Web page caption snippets
[Start of Attachment]

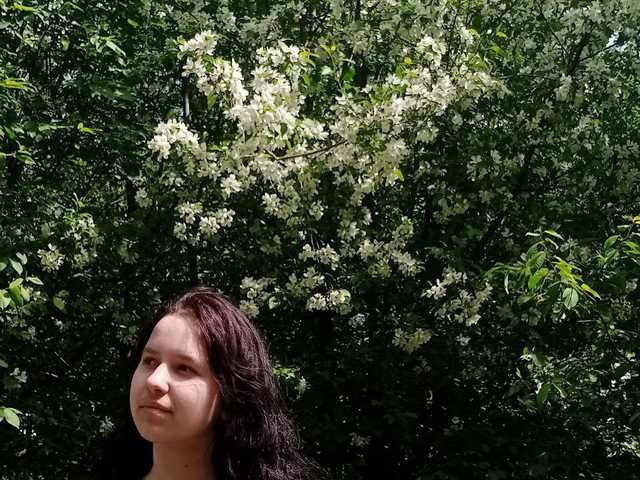 Foto do perfil LisaMeowss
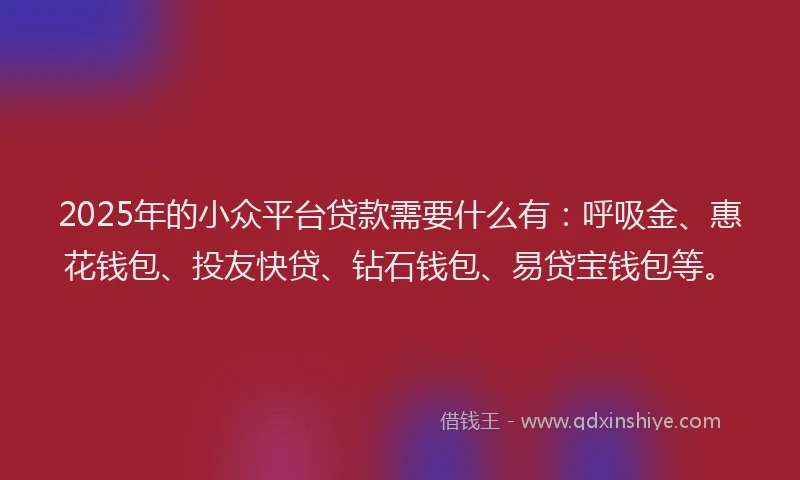 2025年的小众平台贷款需要什么有：呼吸金、惠花钱包、投友快贷、钻石钱包、易贷宝钱包等。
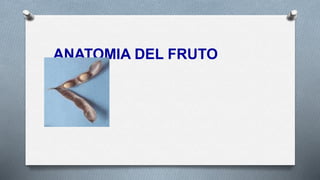 ANATOMIA DEL FRUTO
 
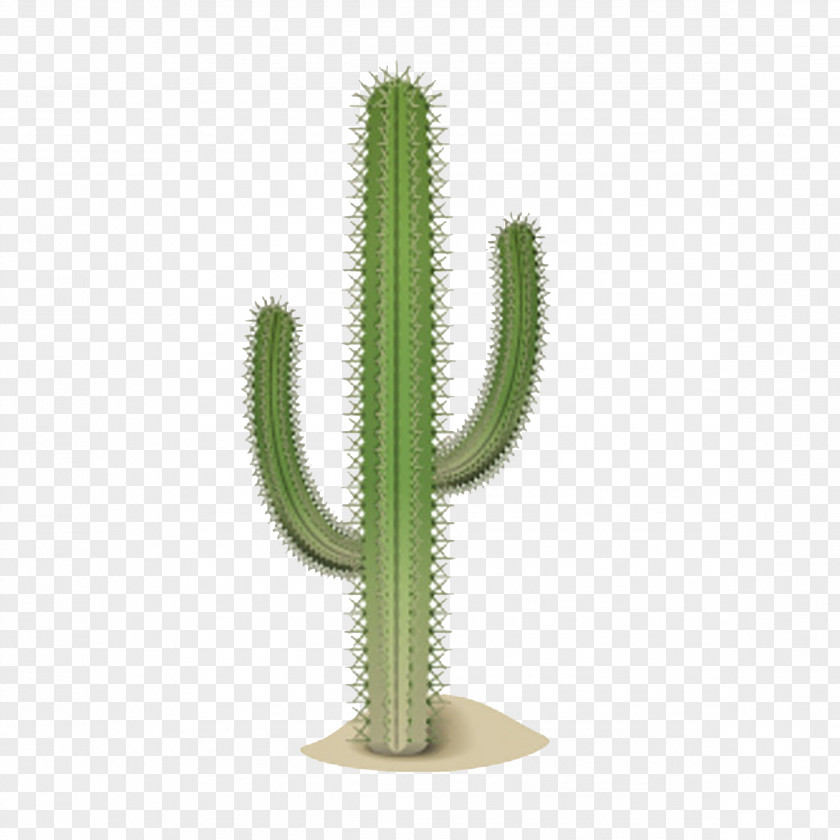 Cactus Cactaceae Google Images Desert Download PNG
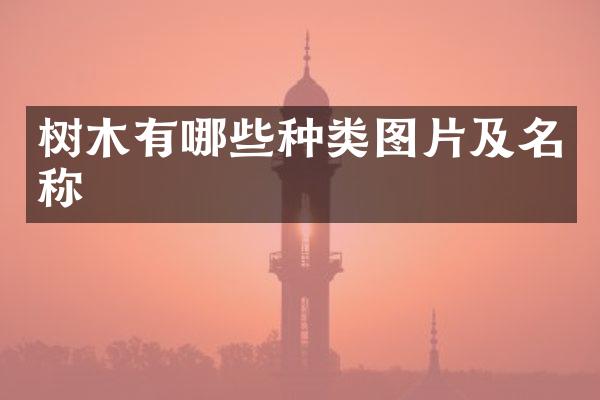 树木有哪些种类图片及名称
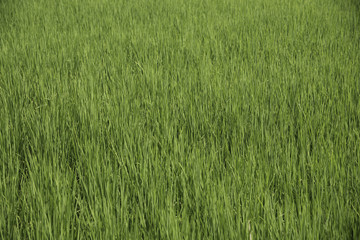 Field of rice in sunny day
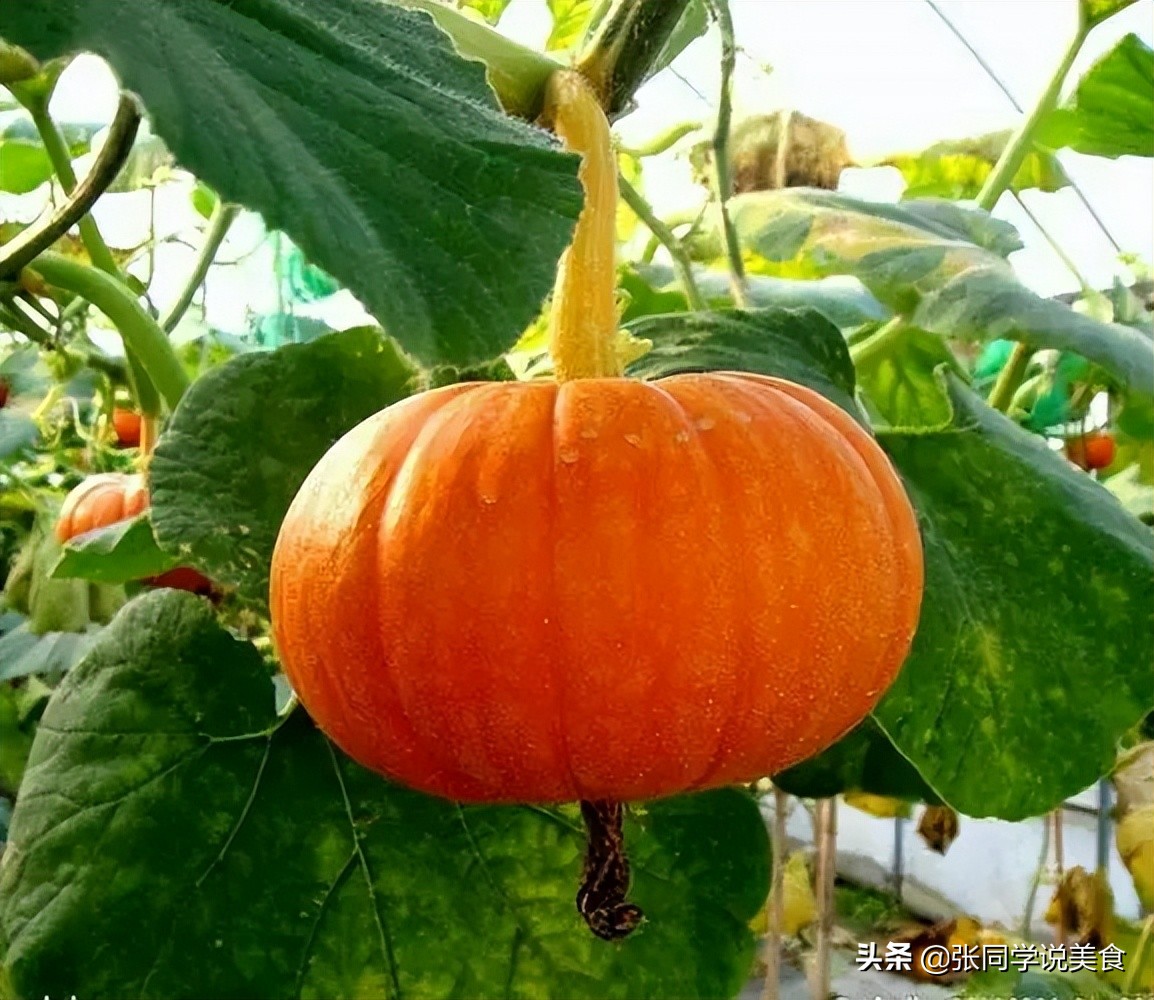 做南瓜糯米饼糯米不够了怎么办,做糯米糍失败了的视频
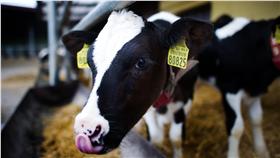 乳牛（圖／美聯社／達志影像）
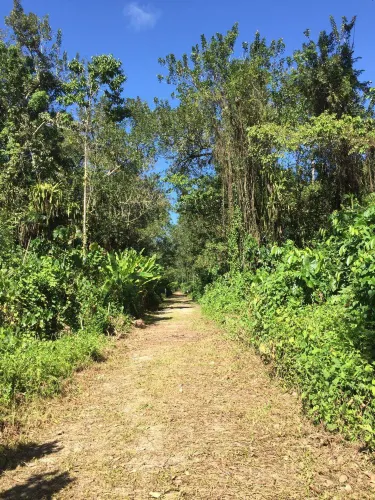 Peperpot Nature Park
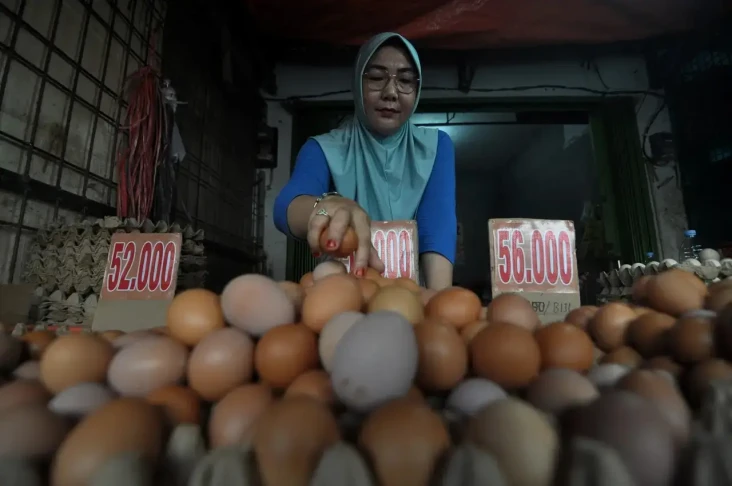 Tekan Harga Telur, Pemerintah...
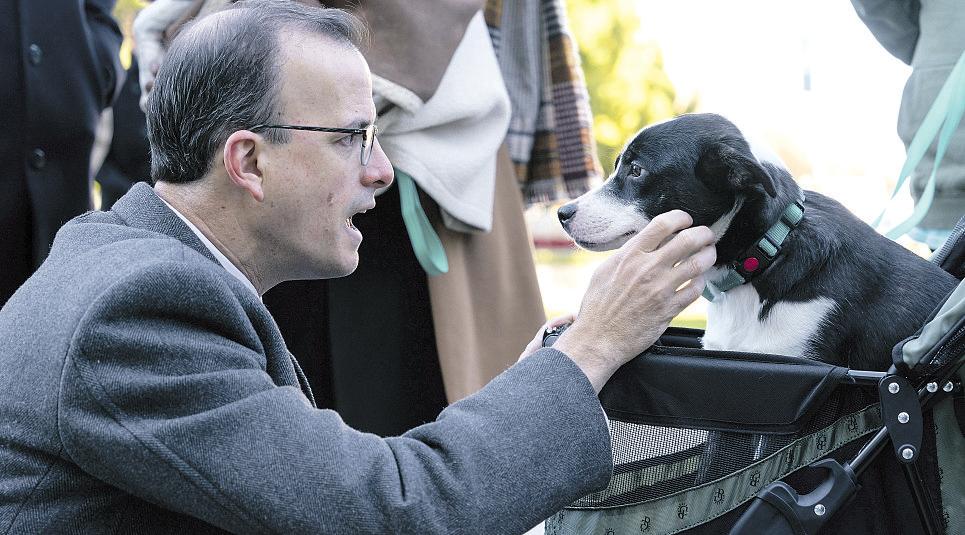 Legislation cracks down on hidden puppy pipeline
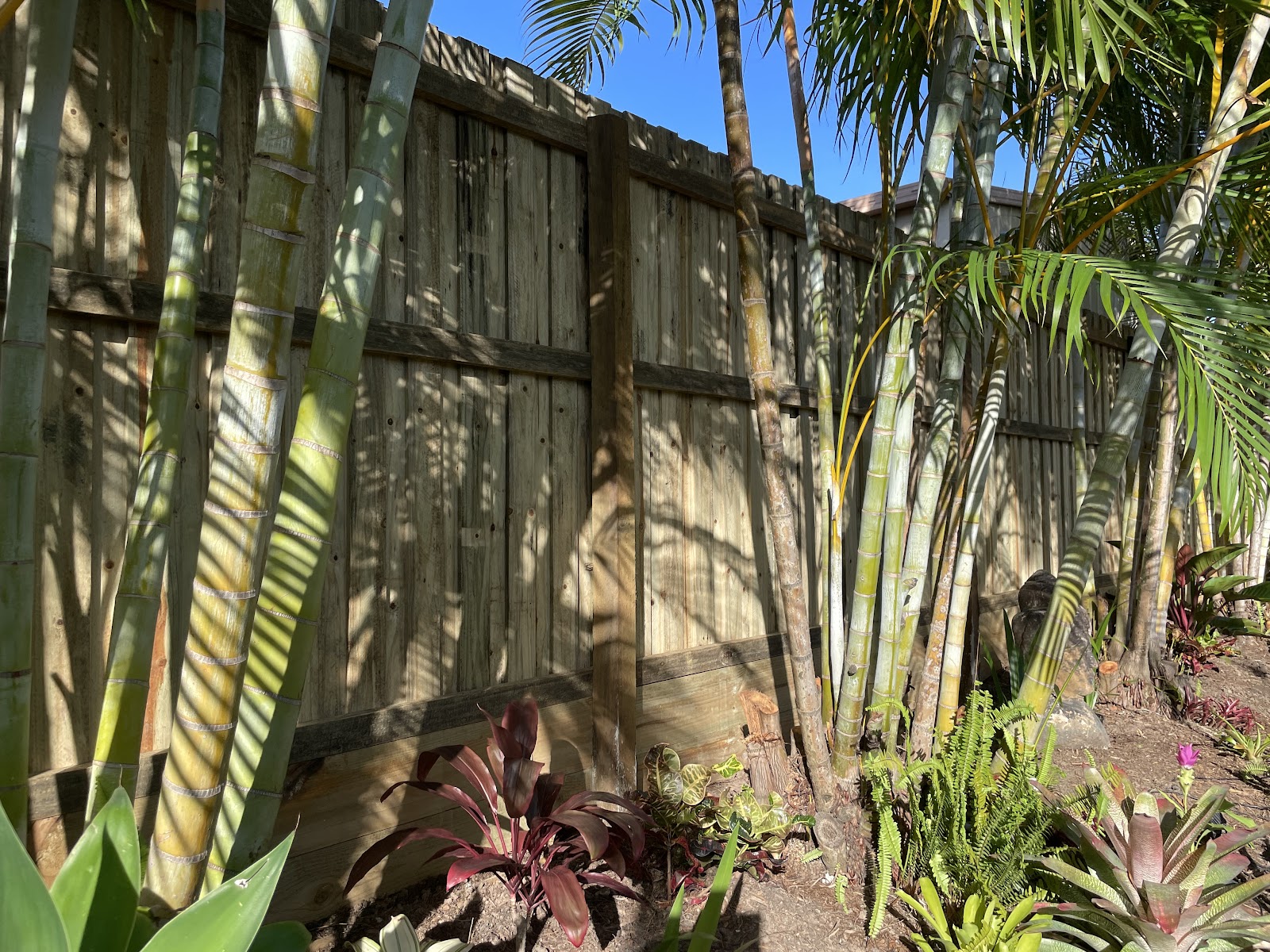 Timber fence standing behind palms and bromeliads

[End of Attachment]

#### ASSIGNMENT
With the pictures removed, return each record above exactly as given.

#### OUTPUT FOR THIS EXERCISE
 Foto do perfil LisaMeowss
 2025年的小众平台贷款需要什么有：呼吸金、惠花钱包、投友快贷、钻石钱包、易贷宝钱包等。
 ANATOMIA DEL FRUTO
 
 Cactus Cactaceae Google Images Desert Download PNG
 树木有哪些种类图片及名称
 Field of rice in sunny day
 做南瓜糯米饼糯米不够了怎么办,做糯米糍失败了的视频
 乳牛（圖／美聯社／達志影像）
 Peperpot Nature Park
 Tekan Harga Telur, Pemerintah...
 Legislation cracks down on hidden puppy pipeline
 Timber fence standing behind palms and bromeliads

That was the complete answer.